INPUT MATERIAL
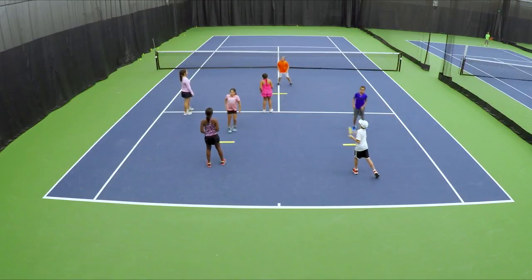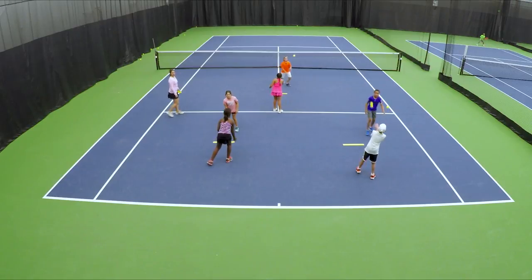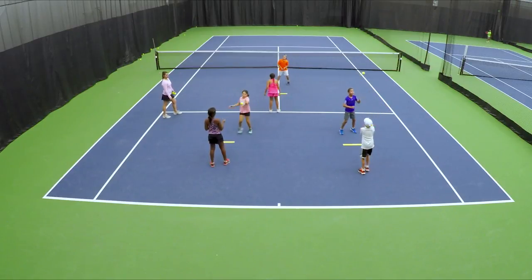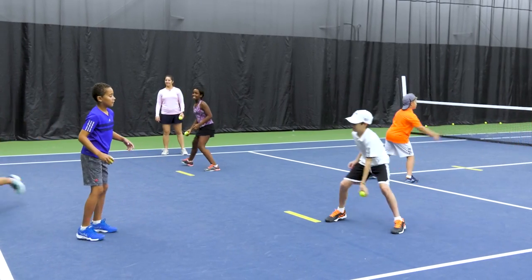This is Make a Move. Players are in pairs with a green ball and a throwdown line. Up to three pairs of players are spread out on each side of the court. Pairs will face each other four to six feet apart.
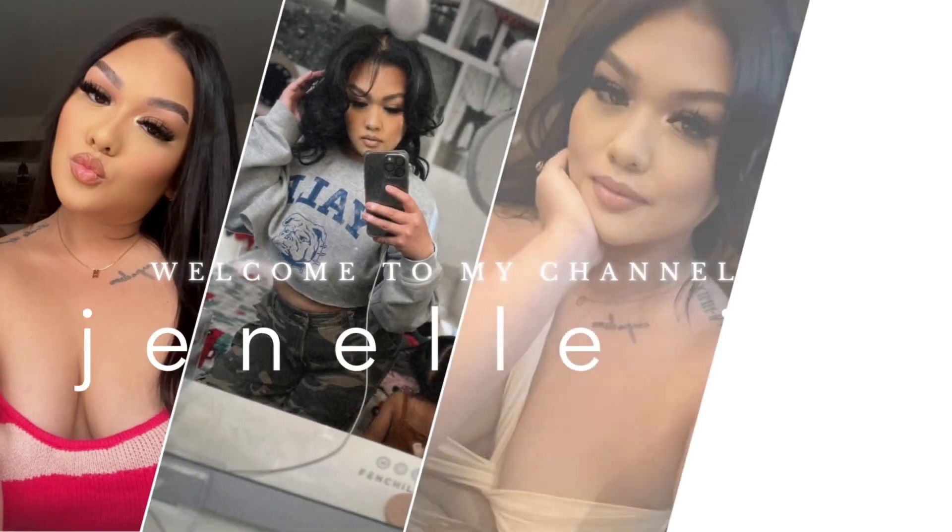Hey loves! Welcome back to my channel. If you're new, my name is Janelle. So in today's video, we are going to be doing a little review.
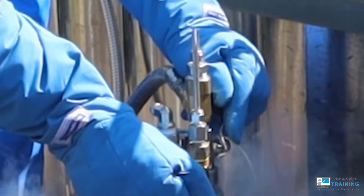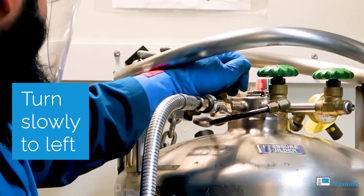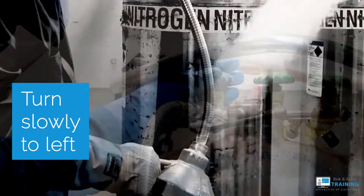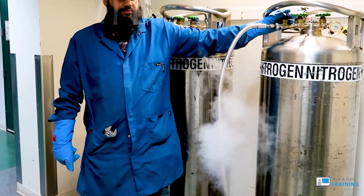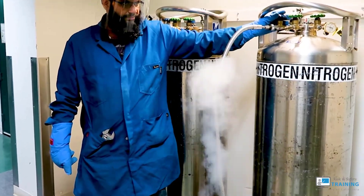Once you insert the transfer line, you're ready to open the valve. Turn slowly a quarter at a time. If you turn it all the way open, the pressure will be too great.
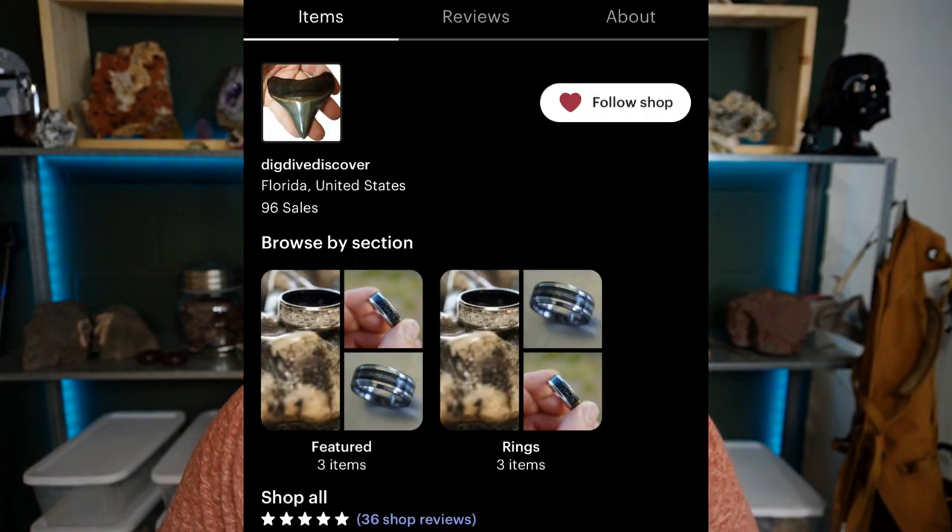This ring means a ton to me, especially coming from Rick. We've had so much fun working together in the past, and he is selling all of these amazing rings on his Etsy store — it's all going to be linked in the description box below. Not only does he have the kind he sent me, the megalodon shark tooth and agatized coral, he also has one that has purely megalodon shark tooth and mastodon tooth. They are super beautiful — I'll put a few pictures up right here of those rings.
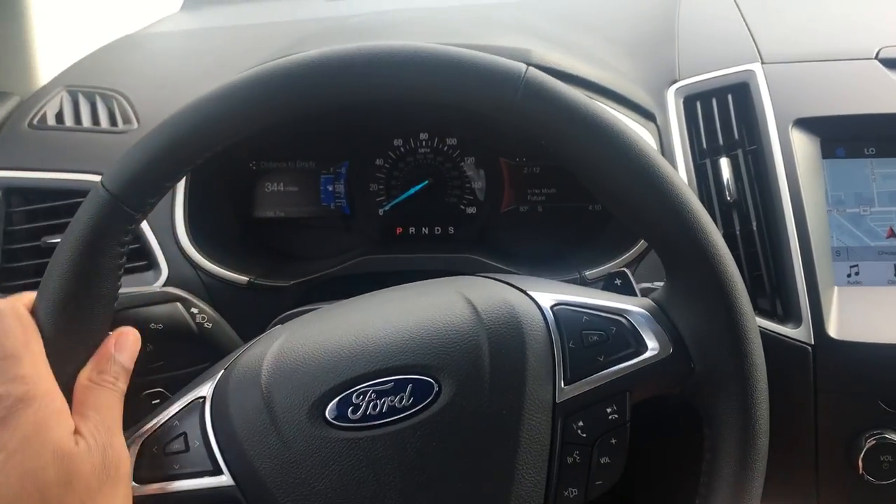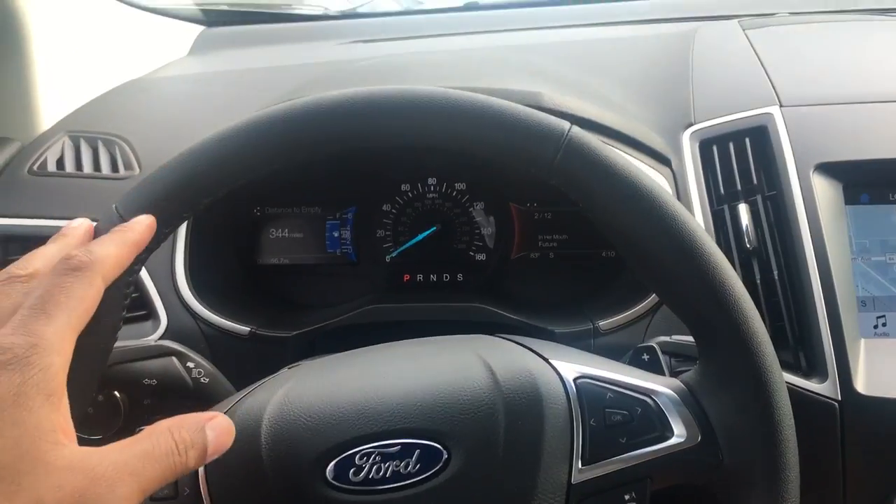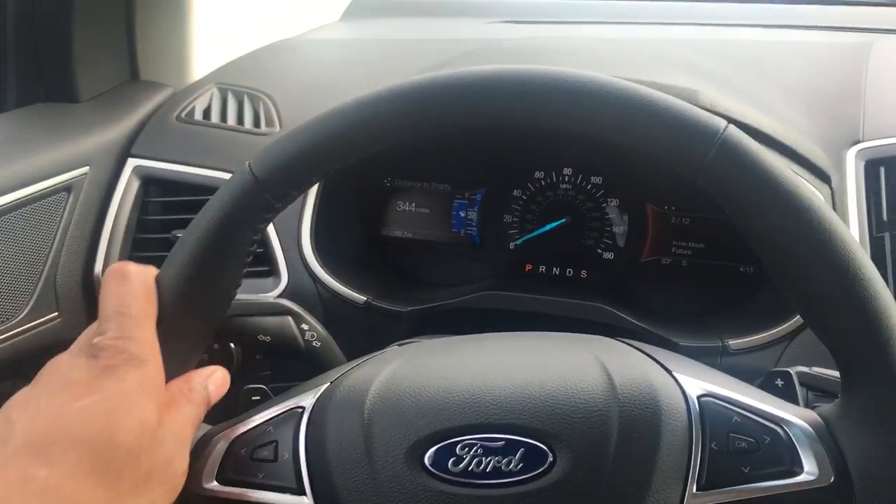This is the 2016 Ford Edge. I am going to show you how to adjust the seat belt.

WHAT NEEDS TO BE DONE
Transcribe each record exactly as it appears, but omit every picture.

RESULT
This is Make a Move. Players are in pairs with a green ball and a throwdown line. Up to three pairs of players are spread out on each side of the court. Pairs will face each other four to six feet apart.
Hey loves! Welcome back to my channel. If you're new, my name is Janelle. So in today's video, we are going to be doing a little review.
Once you insert the transfer line, you're ready to open the valve. Turn slowly a quarter at a time. If you turn it all the way open, the pressure will be too great.
This ring means a ton to me, especially coming from Rick. We've had so much fun working together in the past, and he is selling all of these amazing rings on his Etsy store — it's all going to be linked in the description box below. Not only does he have the kind he sent me, the megalodon shark tooth and agatized coral, he also has one that has purely megalodon shark tooth and mastodon tooth. They are super beautiful — I'll put a few pictures up right here of those rings.
This is the 2016 Ford Edge. I am going to show you how to adjust the seat belt.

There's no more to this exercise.